La Cour suprême des États-Unis se penche lundi sur le cas d’un condamné à mort dont le retard intellectuel a été reconnu par la justice fédérale mais pas par celle de l’État, qui fait souvent autorité en matière de peine capitale.
La Cour suprême pourrait supprimer la prépondérance de la justice des États sur la justice fédérale après une condamnation à mort. (Photo illustration AFP)
Au cœur de cette affaire, la législation américaine sur la peine de mort, qui établit qu’un tribunal fédéral peut arrêter une exécution à la seule condition que le tribunal d’État a été « déraisonnable » en considérant les faits.
Dans le couloir de la mort de Louisiane (sud), Kevan Brumfield a été condamné au châtiment suprême pour le meurtre d’un policier en 1993. Même si ses déficiences intellectuelles avaient été évoquées au procès, la loi n’interdisait pas à l’époque l’exécution des personnes retardées mentalement.
En 2002, la Cour suprême a jugé, dans l’arrêt Atkins v. Virginia, que le Huitième Amendement de la Constitution proscrit l’exécution en cas de handicap intellectuel. Le nouvel avocat de Brumfield a alors demandé une audience et le financement d’une expertise pour prouver son retard mental. Mais le tribunal de Louisiane lui a refusé cette possibilité au motif que son QI de 75 était légèrement supérieur à la limite fixée par la Cour suprême pour établir le retard intellectuel (70).

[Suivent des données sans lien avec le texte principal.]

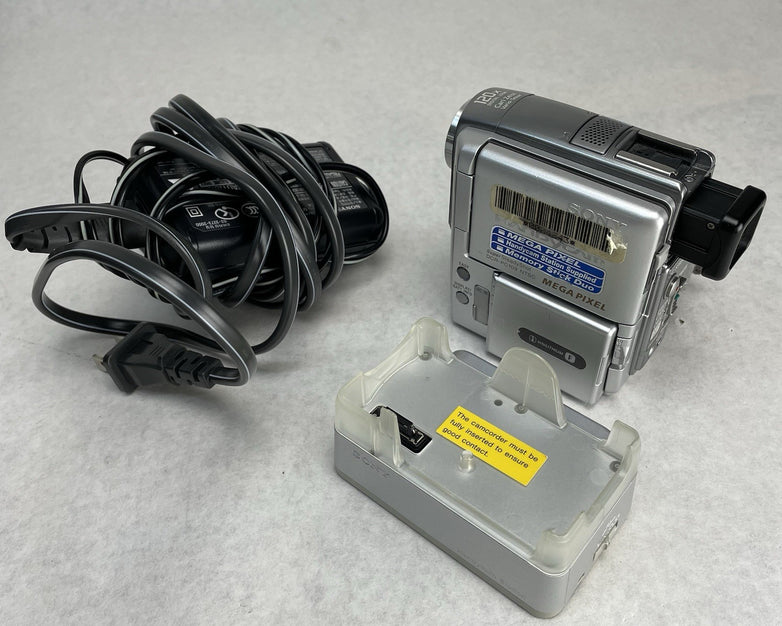 Sony Handycam DCR-PC109 Mini DV Hybrid Camcorder With Nightshot / Nightvision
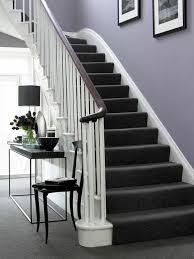 Teppiche gelten als eine der am häufigsten genutzten bodenbeläge und bieten viele vorteile. Treppenteppich Bringt Den Eingangsraum Auf Hoheren Level Treppen Teppiche Treppenteppich Treppe Haus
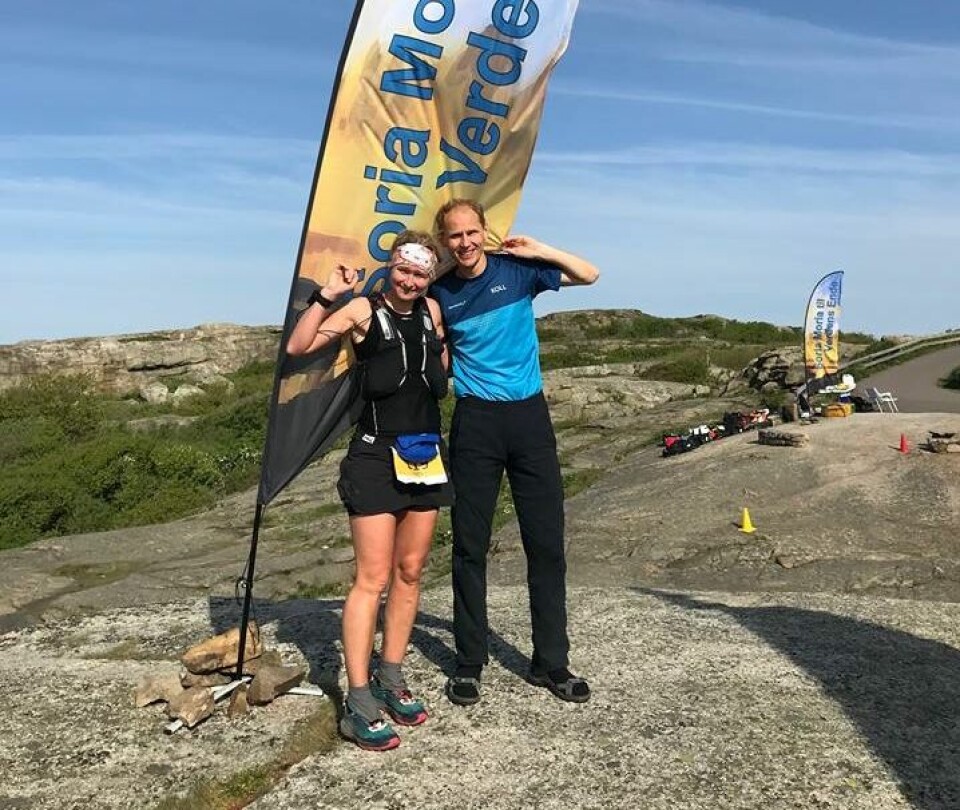 Helle Manvig som totalvant 50 miles og Rolv Skotheim som vant 100 miles løp inn til de to sterkeste prestasjonene ved Vippefyret på Tjøme. (Foto: Mona Kjeldsberg) Helle Manvig som totalvant 50 miles og Rolv Skotheim som vant 100 miles løp inn til de to sterkeste prestasjonene ved Vippefyret på Tjøme. (Foto: Mona Kjeldsberg)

Le tribunal fédéral lui a en revanche accordé cette audience, puis, sur la base de nouvelles expertises, a établi que le condamné était « handicapé intellectuel et donc inapte pour l’exécution ». En appel, ce jugement a été cassé par une cour fédérale par « déférence » pour la justice de l’État.
Au-delà de ce cas, l’affaire est potentiellement historique si la Cour suprême supprime la prépondérance de la justice des États sur la justice fédérale après une condamnation à mort. Elle va « remplir les vides qu’elle a laissés » sur le retard mental et la peine capitale, prévoit l’expert Steven Schwinn. Elle peut ainsi décider que la justice locale a été « déraisonnable » avec Brumfield et n’est donc plus « habilitée à la déférence » de la justice fédérale, a commenté l’avocat Amir Ali, qui plaidera pour le prisonnier devant la haute Cour.
« Aujourd’hui, nous savons quelque chose de très important : Kevan ne remplit pas les critères pour être exécuté. Si (la Cour suprême) ne trouve pas que le juge d’État a été déraisonnable, elle ne regarde pas les choses en face », a estimé Nicholas Trenticosta, l’avocat qui l’a défendu ces dernières années devant les tribunaux.
« Alors que la peine de mort et les exécutions déclinent à travers le pays, il est de plus en plus important que de vieux cas comme celui de M. Brumfield soient examinés avec la précision exigée aujourd’hui », a commenté Rob Dunham, directeur du Centre d’information sur la peine capitale.